In: Accounting
Solution
To an organization, management accounting can be of importance in the following manner:
a. Budgeting, planning and forecasting the future periods.
b. Calculating the profitability of products, services and operations.
c. Measuring organisational, and departmental performance.
d. Comparing results and performance within and between organisations or within industries.
e. Assisting in the process of increasing effectiveness and efficiency.
f. Assessing the performance of past and future capital investments.
g. Advising on decisions about product mix, markets to be served and selling prices.
h. Advising on decisions on whether to outsource products, components, activities and services or build it.
i. Advising on decisions involving the investment of scarce resources to put to its best possible use.
j. Assisting in the making strategic decisions.
Characteristics of management accounting information are as follows:
a. Caters to accounting information: Managerial needs are fulfilled by the way information is presented with the help of management accounting. The accounting data collected by accounting department is used for reviewing various policy decisions.

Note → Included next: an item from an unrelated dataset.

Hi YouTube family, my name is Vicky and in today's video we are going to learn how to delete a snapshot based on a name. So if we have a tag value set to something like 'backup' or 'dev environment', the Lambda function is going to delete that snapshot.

b. Cause and effect analysis. Management accounting goes a step further and discusses the cause and effect relationship. The reasons for the losses are investigated and the factors directly influencing the profitability are also studied. Profits are compared to sales, different expenditures, current assets, interest payables, share capital, etc
c. Techniques and Concepts: To make accounting data more useful, management accounting uses special tenchinques and methods according to the demand of accounting. The techniques used include financial planning and analyses, standard costing, budgetary control, marginal costing, control accounting, etc.
d. Critical decision making: Management accounting supplies necessary information to the management which may be useful for its strategic decisions, financial decisions and also, operational decisions. The historical data is studied to see its possible impact on future decisions.

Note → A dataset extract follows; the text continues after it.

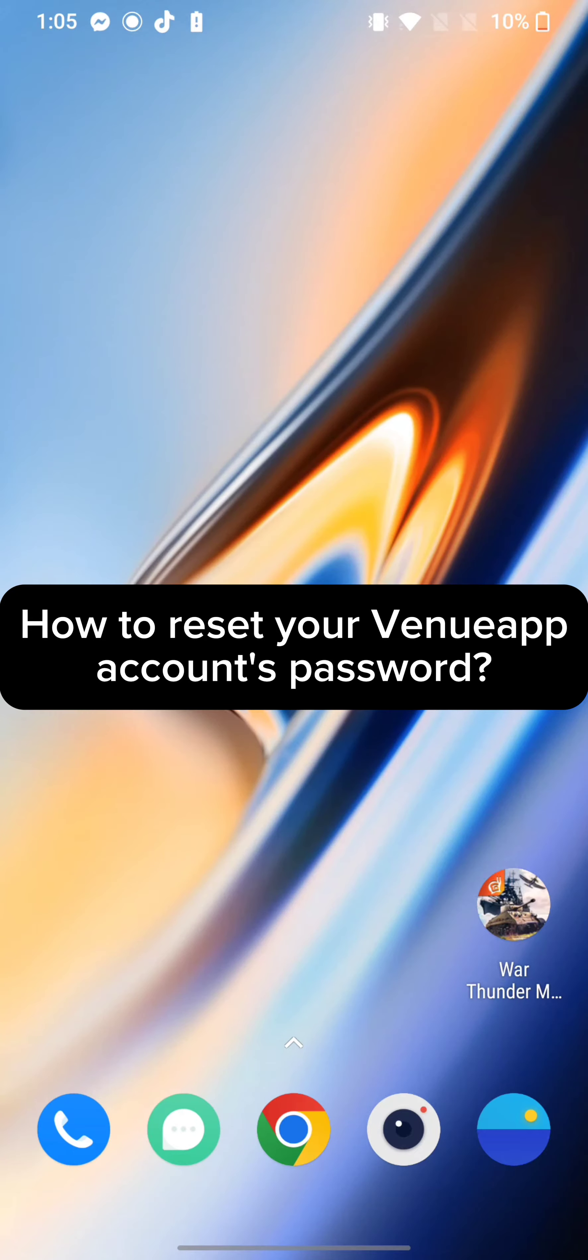Hi guys, welcome back to a new episode of Wake and Take. Today in this video I'm going to show you how you can reset your Venueapp account's password. Keep watching the video till the end.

e. Achieving of objectives. Management accounting helps in formatting plans and setting up objectives. Comparing actual performance with targeted figures gives an idea to the management about the performance of various departments. When there are deviations, corrective measures can be taken at once with the help of budgetary control and standard costing.
f. No fixed norms. No specific rules are followed in management accounting as that of financial accounting. Even though the techniques and methods are same but the way they're used might differ from one organization to another. How the results are derived depends upon the management accountant. The presentation however, differs as per the use by management.

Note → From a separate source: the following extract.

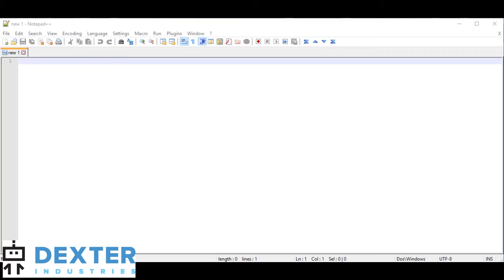In this tutorial, I'm going to show you how to use the program Notepad++ to directly edit files on your Raspberry Pi. This is super helpful and makes editing files like Python files or text files much easier to do remotely, say from your PC on your Raspberry Pi.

g. Caters to forecasting. Management accounting is concerned with the future performance. It helps the management in planning and forecasting. The historical information is used to plan future actions. The information is supplied with the object to guide management in future decisions.
h. Source of Information: Management accounting is concerned with rearrangement or modification of data. The correctness or otherwise of the management accounting depends upon the correctness of basic records where this information is collected from, i.e., Financial accounting, cost accounting. The limitations of these records are also the limitations of management accounting
i. Consists of both financial and non-financial information – Management accountants deal in information and not just data, therefore, must have the requisite skills to produce useful, meaningful, relevant information. Management accountants helps add value to data, processing it into useful information to be used by management and different divisions of businesses.
j. Organisational control and effectiveness – Management accounting have the ability to put perspecitve into the implications of workings and decisions for the whole organisation and helps understand how the various parts of the organisation are interrelated.
Importance of manegement accounting in being comparable as well as comprehnsive to business and among different segments of business is as follows:
Comparability and comprehsibility: Management accounting helps in comparing the different segments of business to each other, different businesses in the same industry, present performance with past performance, even helps in comparing present performance with the standards set with the help of management accounting.
It's comprehensive nature assists management accountant interpret to further help decision makers and top management in comparisons as well as in setting clear objective or amend the present ones in order to achieve realistic goals.